[[ Data extract open ]]
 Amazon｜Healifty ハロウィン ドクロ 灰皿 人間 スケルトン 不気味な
[[ Data extract closed ]]
[[ Data extract open ]]
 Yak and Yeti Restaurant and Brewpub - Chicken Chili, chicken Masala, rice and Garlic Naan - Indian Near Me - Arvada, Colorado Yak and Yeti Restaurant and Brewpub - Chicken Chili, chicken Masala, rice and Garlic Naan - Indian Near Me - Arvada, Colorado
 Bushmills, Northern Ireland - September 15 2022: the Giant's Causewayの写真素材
[[ Data extract closed ]]
◆ Exercise details ◆
Return only the lines between the one holding "Arvada, Colorado Yak" and the one holding "Bushmills, Northern Ireland", inclusive, exactly as they appear above.

◆ Solution for this problem ◆
 Yak and Yeti Restaurant and Brewpub - Chicken Chili, chicken Masala, rice and Garlic Naan - Indian Near Me - Arvada, Colorado Yak and Yeti Restaurant and Brewpub - Chicken Chili, chicken Masala, rice and Garlic Naan - Indian Near Me - Arvada, Colorado
 Bushmills, Northern Ireland - September 15 2022: the Giant's Causewayの写真素材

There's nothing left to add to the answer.